Quoi de plus fastidieux que de plonger, en spectateur passif, dans le quotidien de quelqu’un ! Rien de bien passionnant non plus à lire des commentaires sur de parfaits inconnus, sur des conférences, des mondanités, des réceptions auxquelles on n’a pas participé. Mais en revanche, quel merveilleux instrument de connaissance qu’un journal d’écrivain ! On y découvre la genèse de son œuvre et l’on assiste aussi parfois à l’acte d’écriture.
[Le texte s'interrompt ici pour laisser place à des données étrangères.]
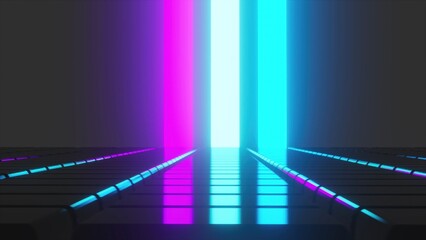 Poster - black grid cubes with neon lines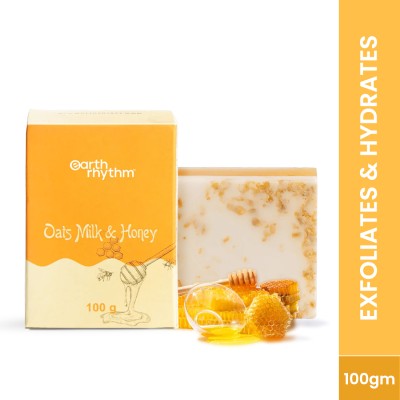 Earth Rhythm Oats Milk & Honey Body Soap, Exfoliate & Hydrates Skin, for Unisex - 100gm(100 g)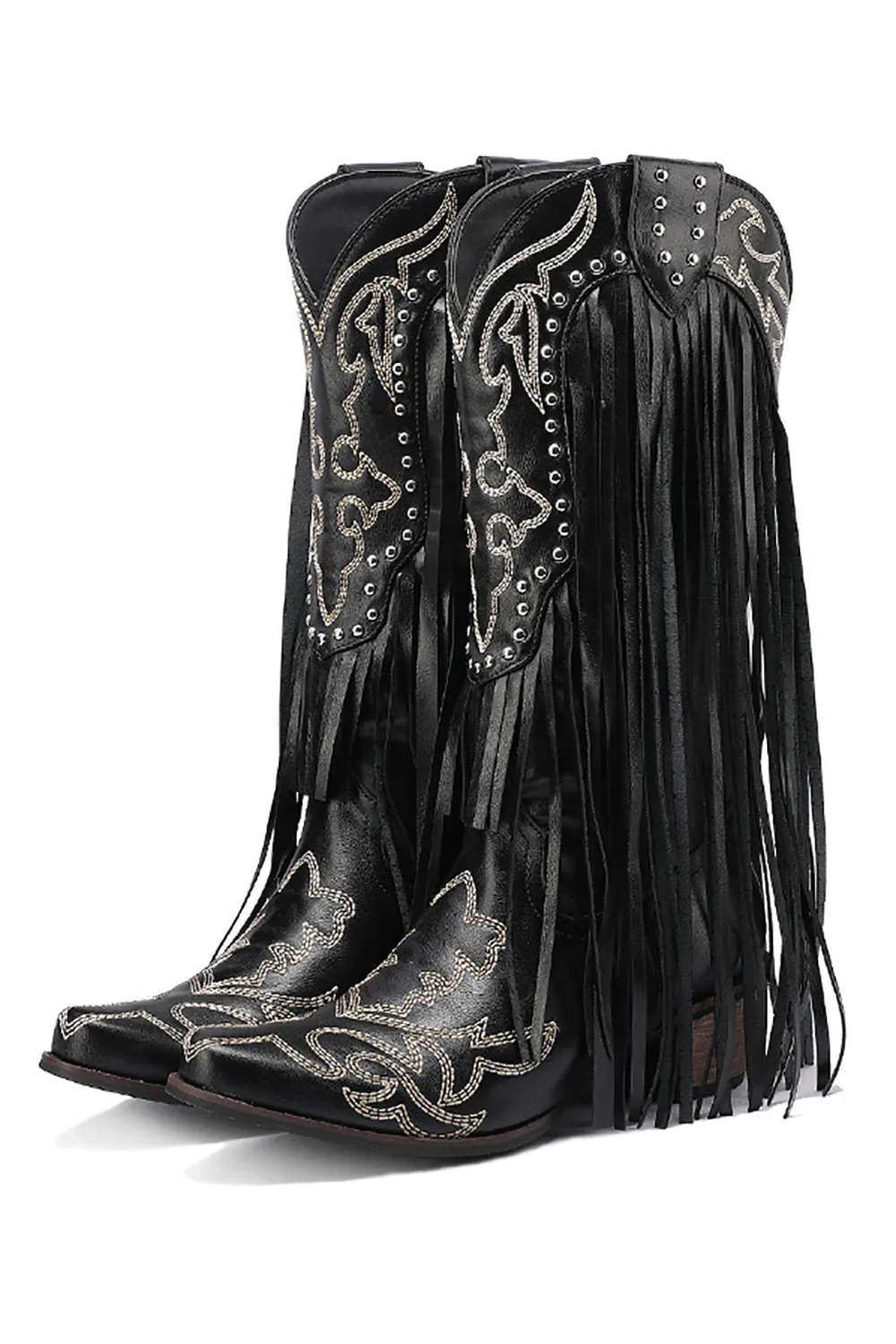 Women's Black Embroidery Tassel Leather Boots sold by Zapaka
On est témoin des fluctuations de sa vie, de ses moments d’angoisse, de ses jubilations, de ses doutes, ses peines, ses projets On est aux premières loges.
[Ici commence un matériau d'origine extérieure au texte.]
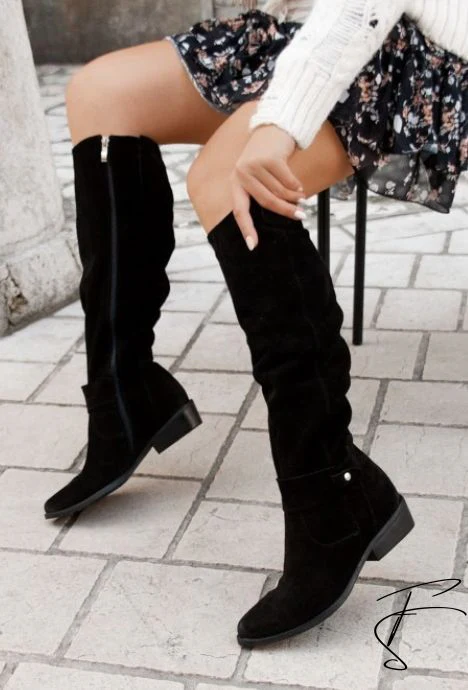 Heidi-Mode | Legere Kniehohe Damen-Cowboystiefel Aus Wildleder Unter Dem Knie - Image 4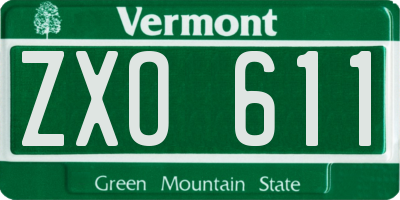 VT license plate ZXO611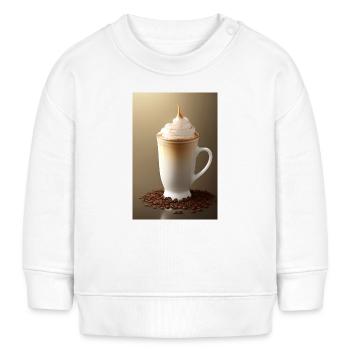 Café, grains de café - Sweat bébé bio Stanley/Stella - blanc - Devant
Un journal se décline au quotidien, ou presque. C’est un singulier témoin de la fuite du temps qui nous façonne au fil des événements. C’est le lieu où, en principe, la censure n’existe pas. Joyce Carol Oates y note des pensées et des expériences qui s’imprègnent en elle et deviennent matériau de création. Un journal permet d’observer, au fil des notes, ce qu’on oublie trop facilement dans le feu de l’action : qu’une vie est constituée de jours, d’heures, d’innombrables instants où la pensée évolue, revient en arrière, stagne puis fait des bonds : « La vie défile comme un torrent. Aujourd’hui, hier, demain ». Qui est Joyce Carol Oates ? Qui a-t-elle été ? Qui sera-t-elle ? Une multitude de personnes qui changent selon les circonstances, les étapes de la vie, comme nous tous. « La fascination d’un journal : on ‘entend’ son moi de naguère, on reconnaît la période à certains points de repère, on s’identifie de nouveau mais pas entièrement il reste toujours quelque chose et ce quelque chose est ce qui a mûri, changé, en soi. »
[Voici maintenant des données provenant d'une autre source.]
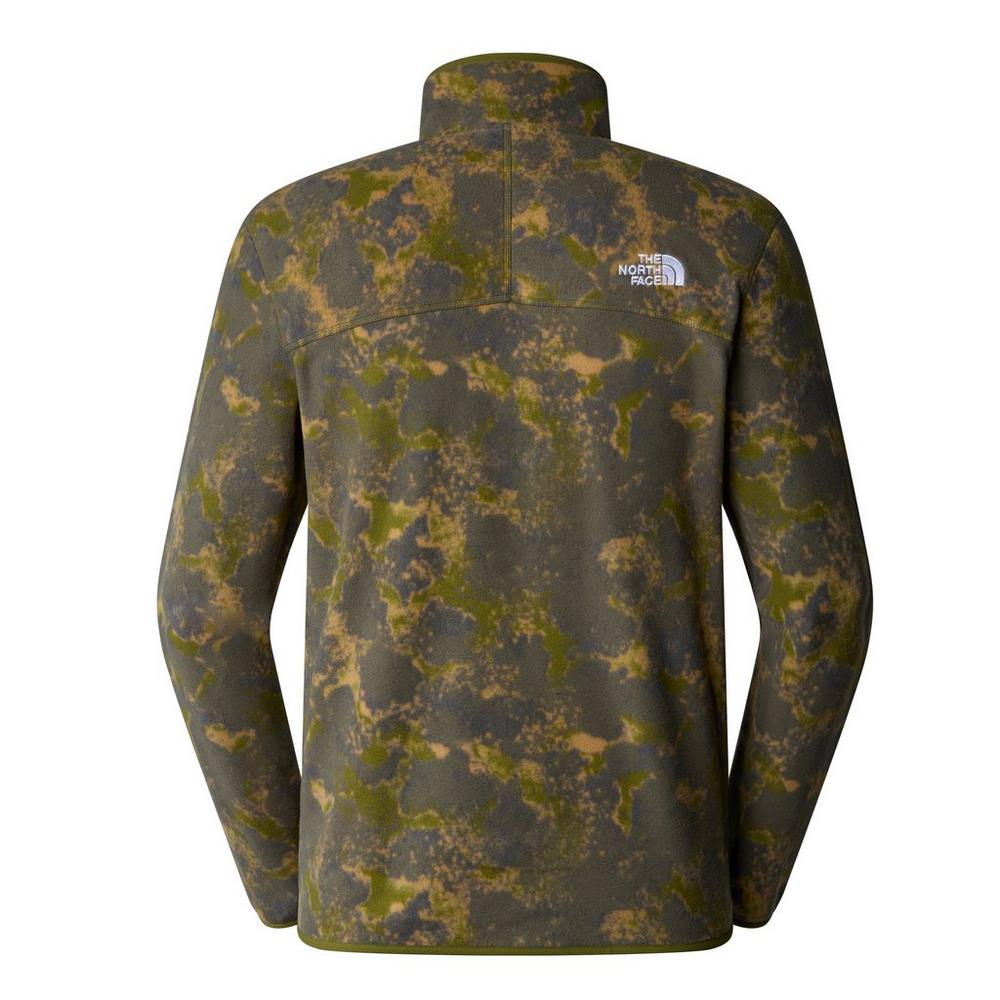 The North Face Men's 100 Glacier Printed 1/4 Zip Fleece - Green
Ce que l’on retient de ces extraits de journal, c’est l’extraordinaire vitalité qui s’en dégage, l’énergie qui permet à Joyce Carol Oates de mener une vie publique très active et d’avoir malgré tout une vie privée qu’elle consacre presque entièrement à son œuvre. Et quelle œuvre ! On connaît surtout ses romans, mais elle a tâté de tous les genres : nouvelles, poésie, théâtre, essais, critiques et s’étonne elle-même de sa prodigieuse capacité d’écriture. Elle nous livre de précieuses réflexions sur le temps, la vieillesse, la mort, les regrets sur le processus d’écriture, sur le plaisir qu’elle prend à réécrire tous ses romans, jusqu’aux épreuves qu’elle ne se contente pas de corriger.
Un journal, c’est la vérité du moment, sans cesse revisitée. Chez un écrivain, c’est la mémoire de l’écriture.